PROBLEM DETAILS: The answer is to be the lines below that lie between the line holding "Longbluse in ecru-hellblau-bedruckt" and the line holding "Waxinelichthouder, porselein, barn", inclusive, transcribed exactly and free of pictures.

*** DATA SUPPLIED ***

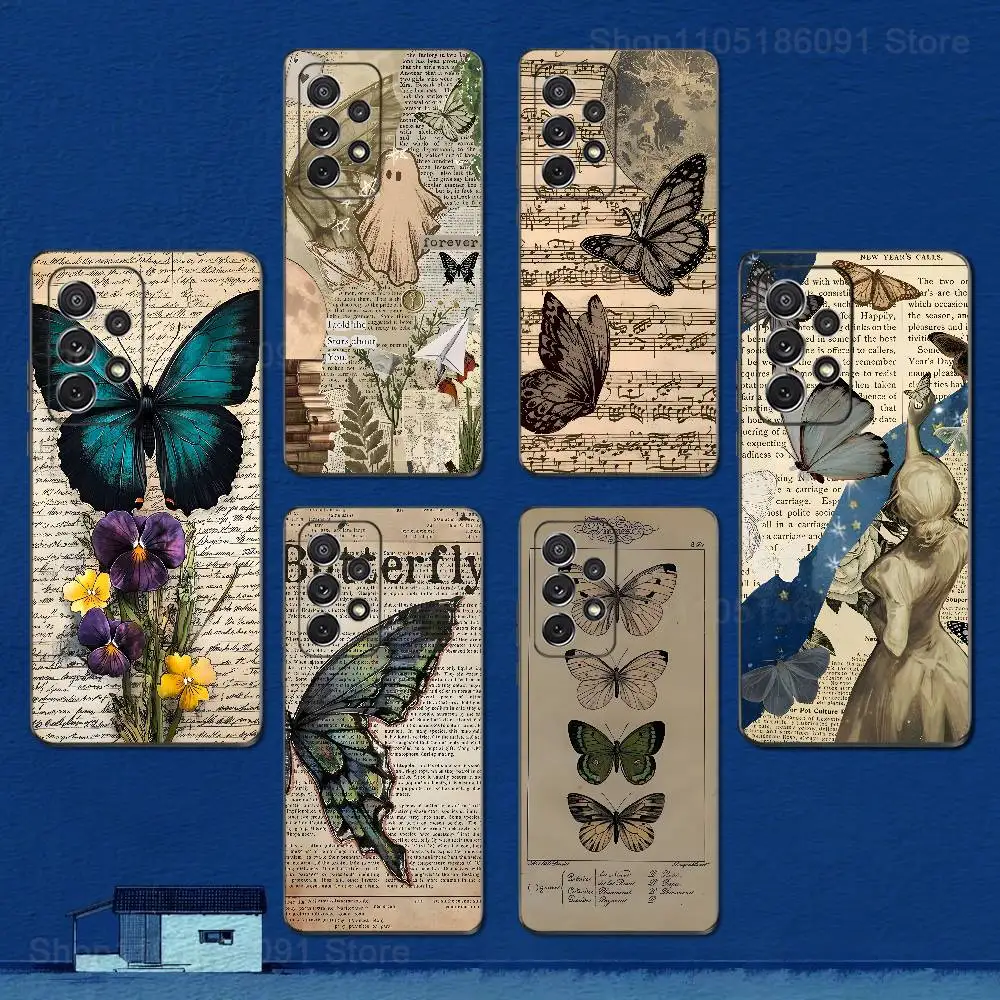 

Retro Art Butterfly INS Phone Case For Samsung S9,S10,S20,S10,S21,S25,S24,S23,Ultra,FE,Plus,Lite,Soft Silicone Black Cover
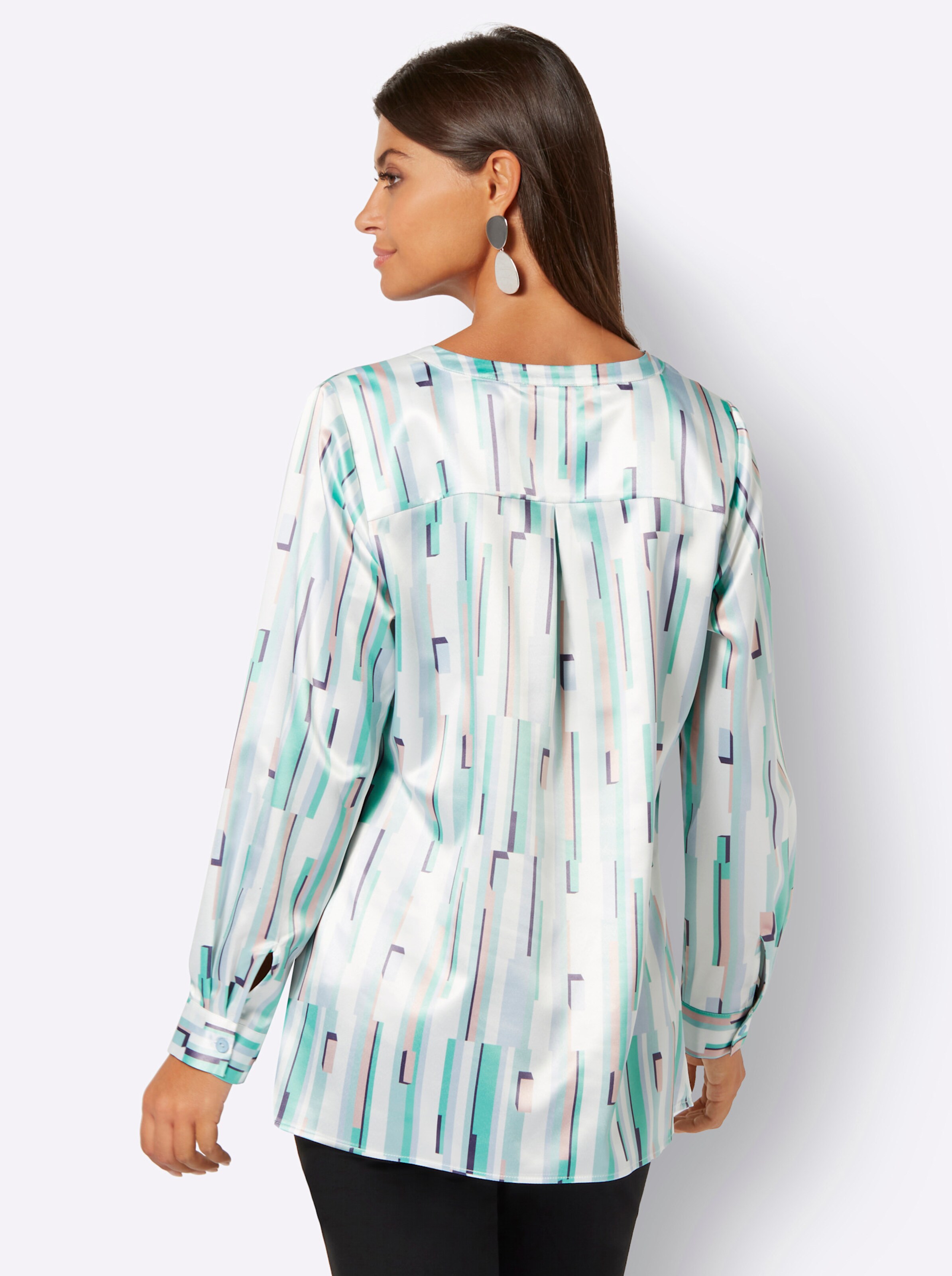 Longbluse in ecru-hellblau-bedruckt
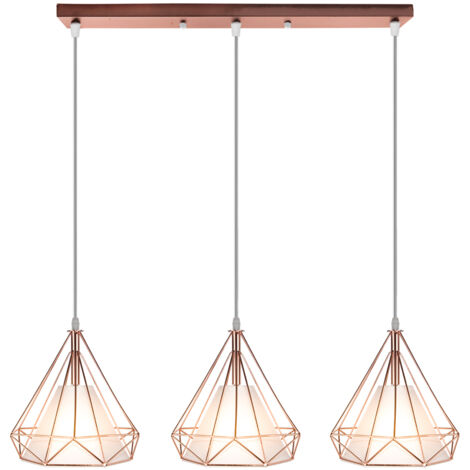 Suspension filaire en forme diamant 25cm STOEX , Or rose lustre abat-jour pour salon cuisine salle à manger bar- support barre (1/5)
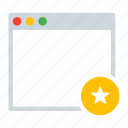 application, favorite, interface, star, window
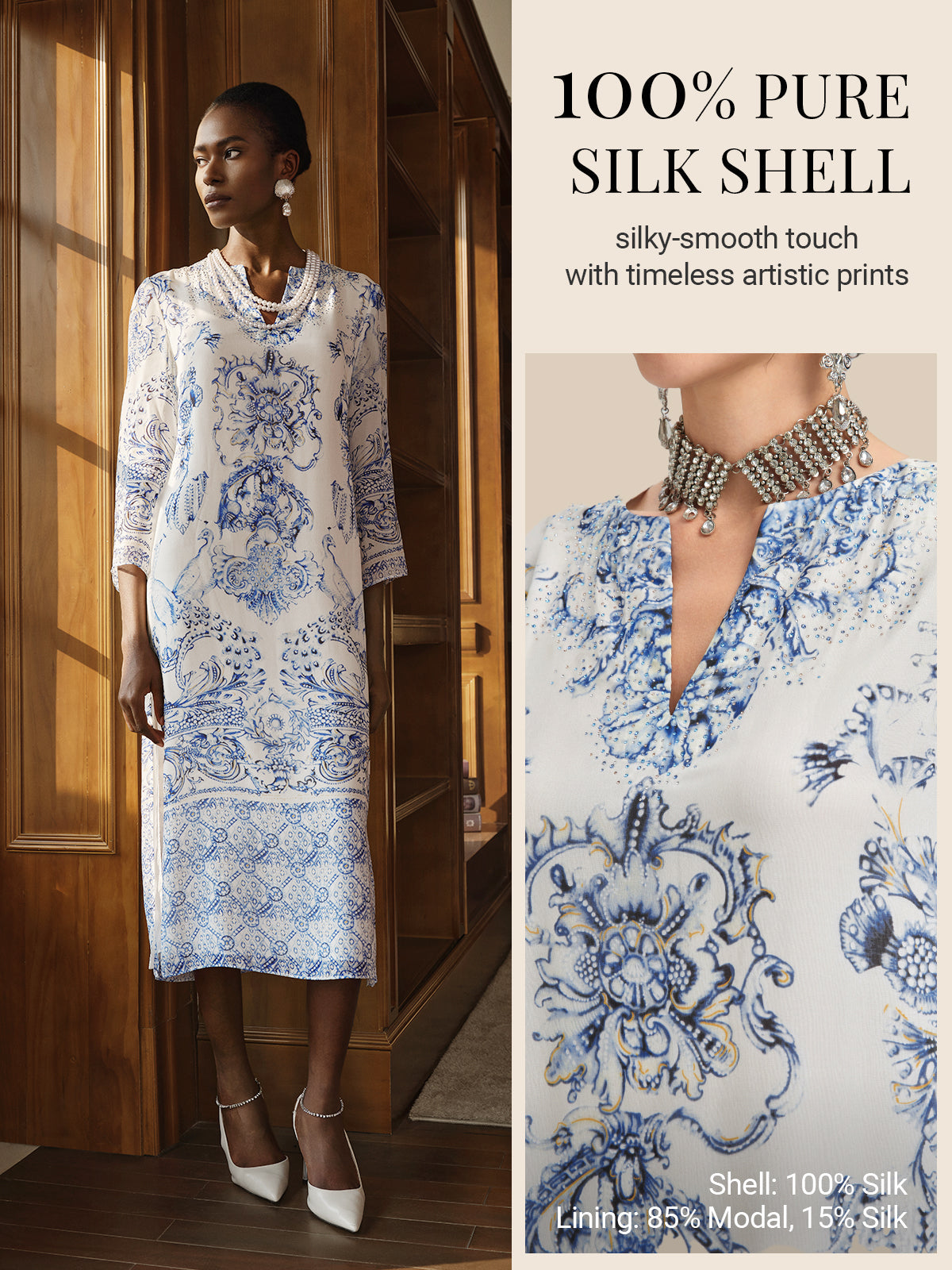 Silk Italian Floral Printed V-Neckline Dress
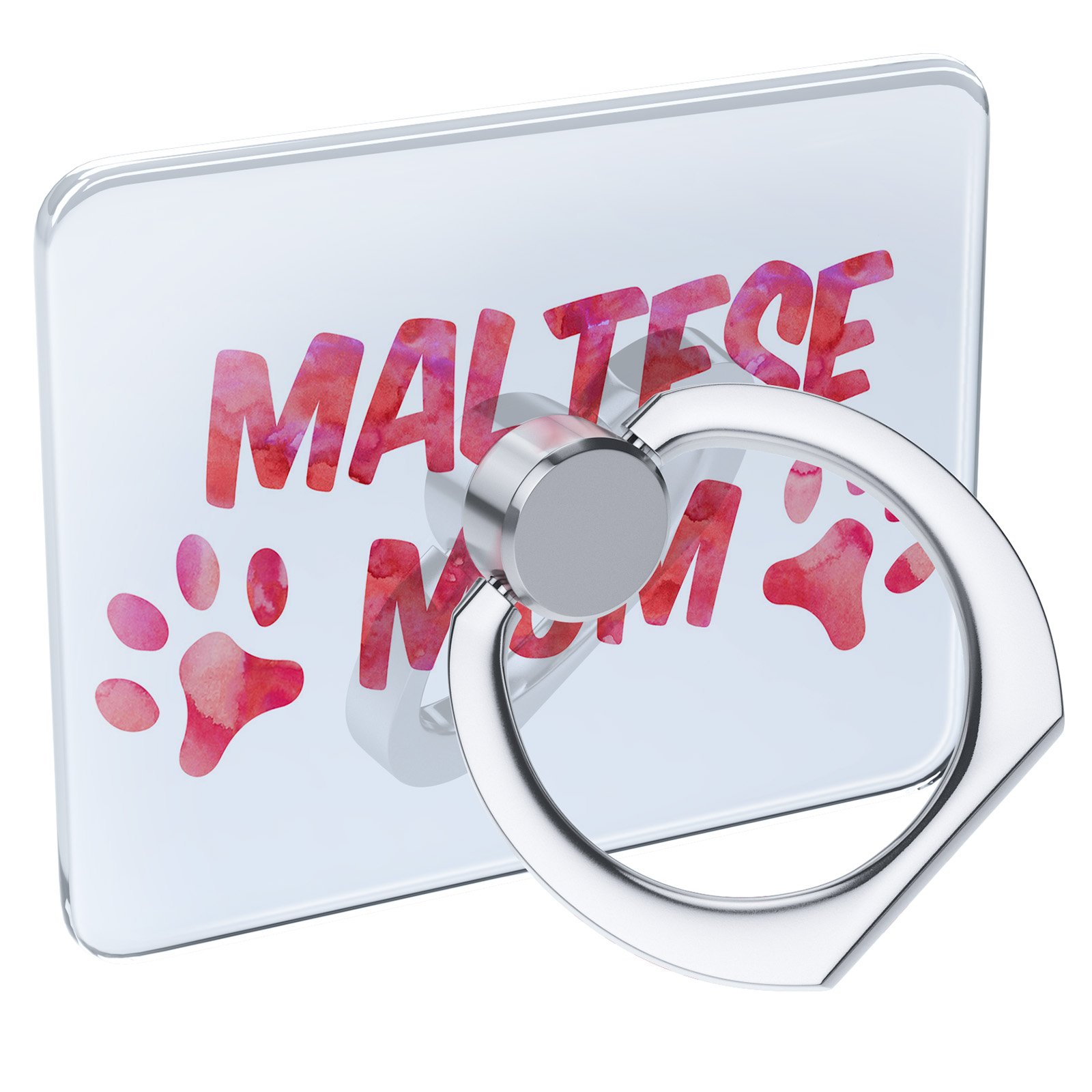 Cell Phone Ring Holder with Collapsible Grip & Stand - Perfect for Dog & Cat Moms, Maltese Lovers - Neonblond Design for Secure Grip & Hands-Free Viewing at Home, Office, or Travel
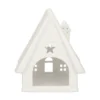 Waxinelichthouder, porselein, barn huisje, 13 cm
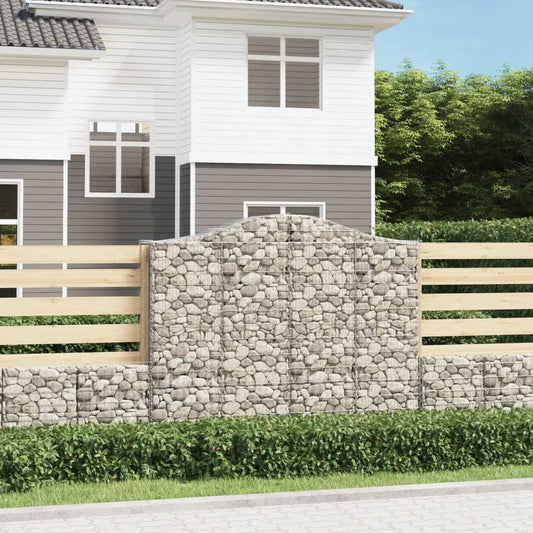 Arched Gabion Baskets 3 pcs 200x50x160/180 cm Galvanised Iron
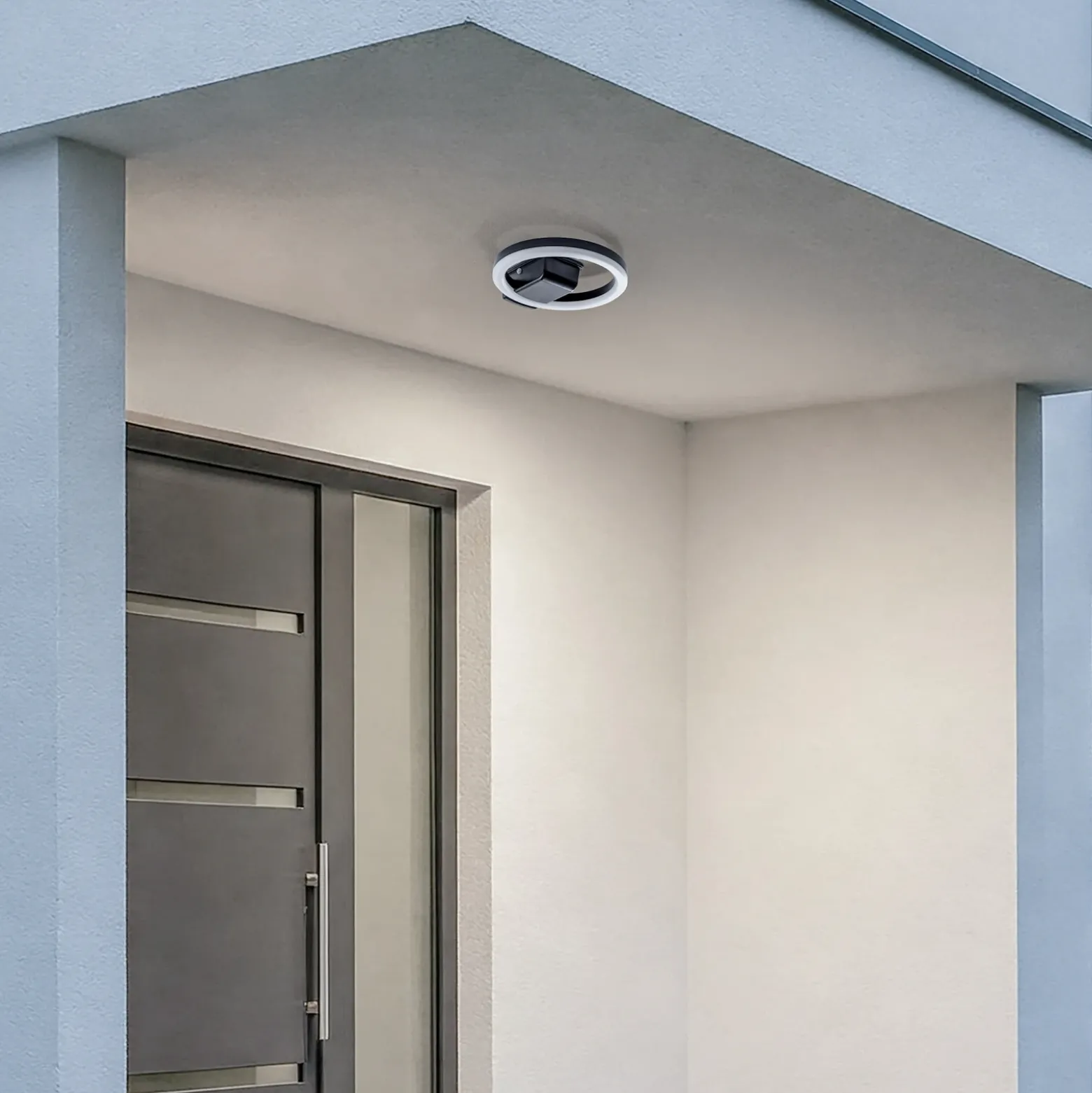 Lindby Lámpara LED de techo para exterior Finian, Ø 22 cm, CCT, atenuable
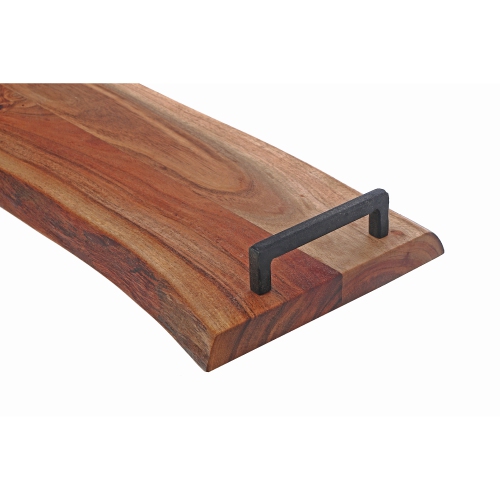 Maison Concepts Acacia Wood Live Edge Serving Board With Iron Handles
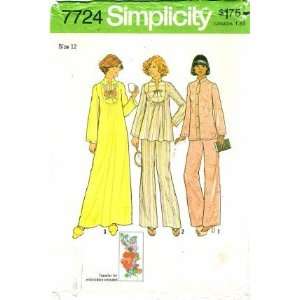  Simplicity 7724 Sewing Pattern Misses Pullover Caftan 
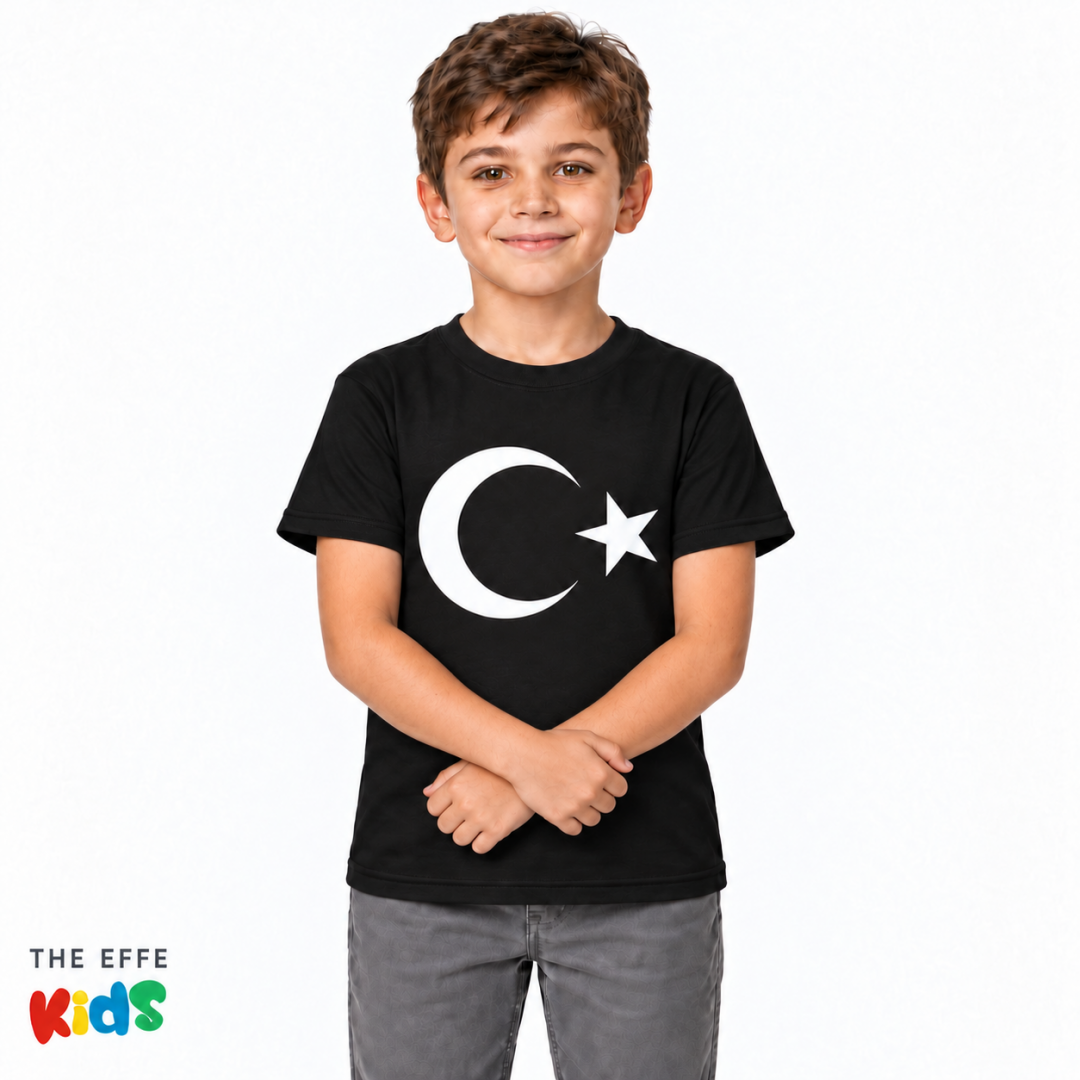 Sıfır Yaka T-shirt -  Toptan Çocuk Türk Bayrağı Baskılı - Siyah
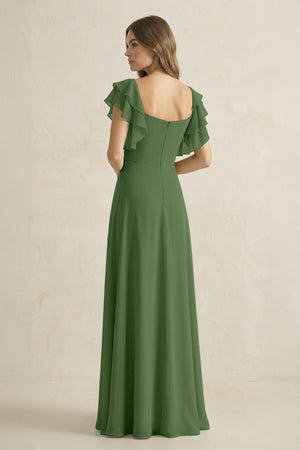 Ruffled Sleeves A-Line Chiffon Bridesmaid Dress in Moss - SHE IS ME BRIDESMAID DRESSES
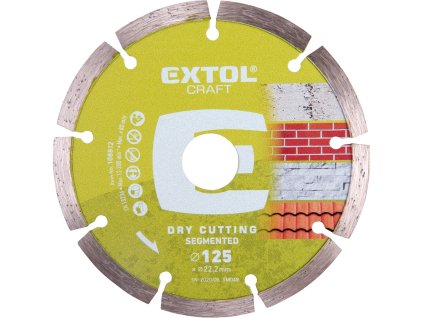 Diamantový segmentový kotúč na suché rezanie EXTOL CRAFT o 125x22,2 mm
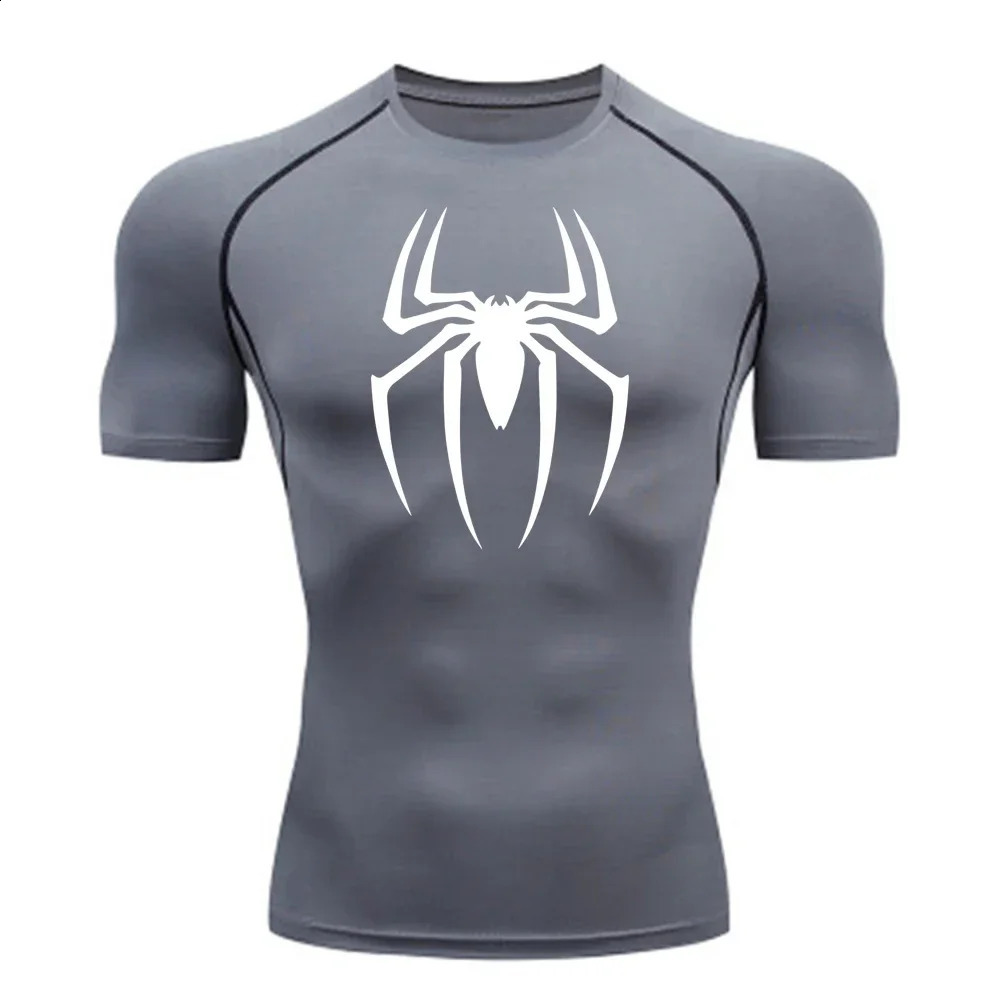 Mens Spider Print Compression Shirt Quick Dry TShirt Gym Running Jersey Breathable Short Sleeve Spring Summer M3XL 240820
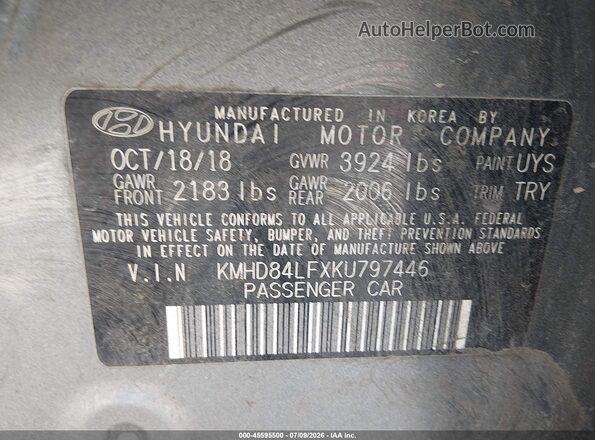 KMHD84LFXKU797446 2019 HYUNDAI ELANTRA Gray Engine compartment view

*** End of DATA SUPPLIED ***

EXERCISE ANSWER:
 Longbluse in ecru-hellblau-bedruckt
 Suspension filaire en forme diamant 25cm STOEX , Or rose lustre abat-jour pour salon cuisine salle à manger bar- support barre (1/5)
 application, favorite, interface, star, window
 Silk Italian Floral Printed V-Neckline Dress
 Cell Phone Ring Holder with Collapsible Grip & Stand - Perfect for Dog & Cat Moms, Maltese Lovers - Neonblond Design for Secure Grip & Hands-Free Viewing at Home, Office, or Travel
 Waxinelichthouder, porselein, barn huisje, 13 cm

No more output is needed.